PROBLEM DESCRIPTION.
Leave out the pictures and retype everything else in the records below exactly.
"""
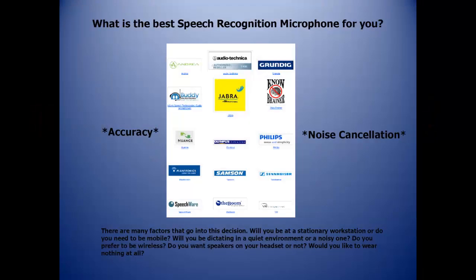What is the best speech recognition microphone for you? There are many factors that go into this decision. Will you be at a stationary workstation or do you need to be mobile? Will you be dictating in a quiet environment or a noisy one? Do you prefer to be wireless? Do you want speakers on your headset or not? Would you like to wear nothing at all? The key factors are accuracy and noise cancellation.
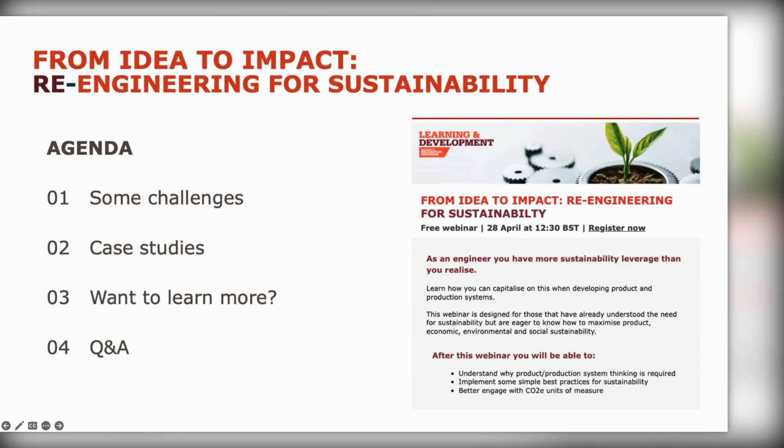What we'll go through today: some challenges when it comes to re-engineering for sustainability, some case studies, pointers to where you can learn more, and then hopefully answer some questions from the chat.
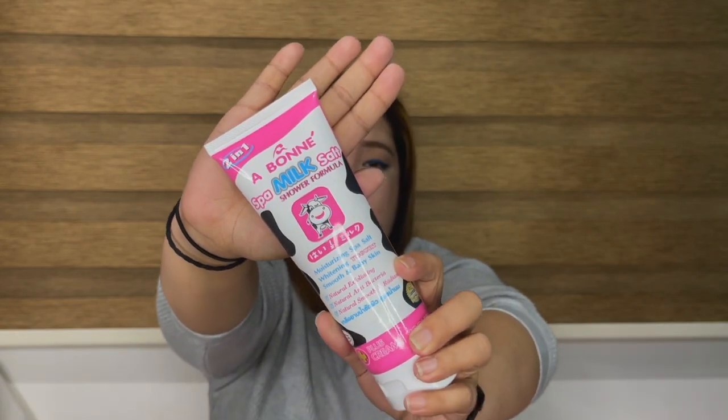Next is the Aboney Spa Milk Salt Shower Formula. It's a body wash with body salt. What I've used before is a sachet-type milk salt bath used as an exfoliator, once or twice a week. This one I want to try because it's the shower formula version — I hope this works for me and is better than the regular spa milk salt.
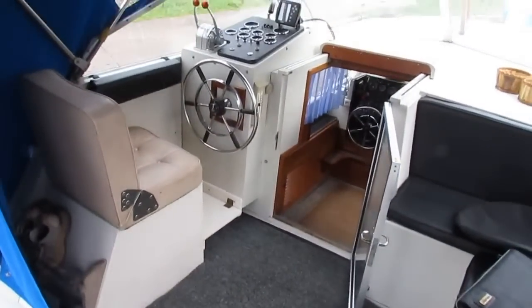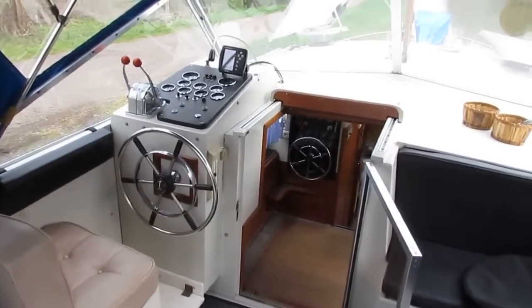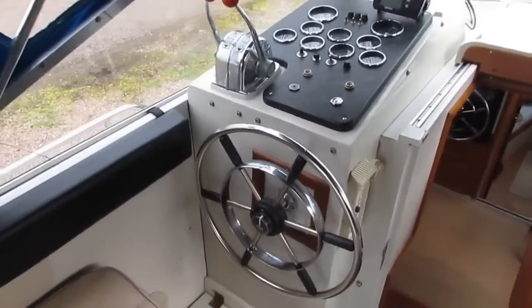Hi, I'm Graham from Boatshed Bourgogne. I'm on board a Broom — a Broom 35 European, which came out of the Broom Works in 1975.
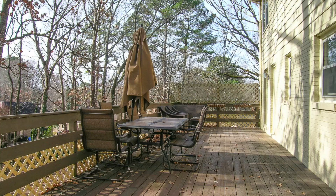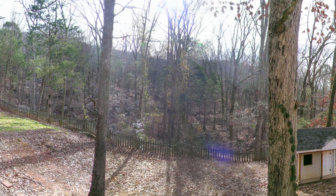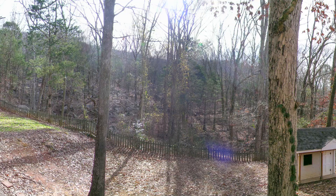You'll find outdoor living at its best on this tremendous deck that overlooks a spacious, tree-lined backyard. The undeveloped property beyond the fence offers privacy, and you can enjoy a beautiful after-the-rain waterfall right from your deck.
"""
ANSWER FOR THE TASK.
What is the best speech recognition microphone for you? There are many factors that go into this decision. Will you be at a stationary workstation or do you need to be mobile? Will you be dictating in a quiet environment or a noisy one? Do you prefer to be wireless? Do you want speakers on your headset or not? Would you like to wear nothing at all? The key factors are accuracy and noise cancellation.
What we'll go through today: some challenges when it comes to re-engineering for sustainability, some case studies, pointers to where you can learn more, and then hopefully answer some questions from the chat.
Next is the Aboney Spa Milk Salt Shower Formula. It's a body wash with body salt. What I've used before is a sachet-type milk salt bath used as an exfoliator, once or twice a week. This one I want to try because it's the shower formula version — I hope this works for me and is better than the regular spa milk salt.
Hi, I'm Graham from Boatshed Bourgogne. I'm on board a Broom — a Broom 35 European, which came out of the Broom Works in 1975.
You'll find outdoor living at its best on this tremendous deck that overlooks a spacious, tree-lined backyard. The undeveloped property beyond the fence offers privacy, and you can enjoy a beautiful after-the-rain waterfall right from your deck.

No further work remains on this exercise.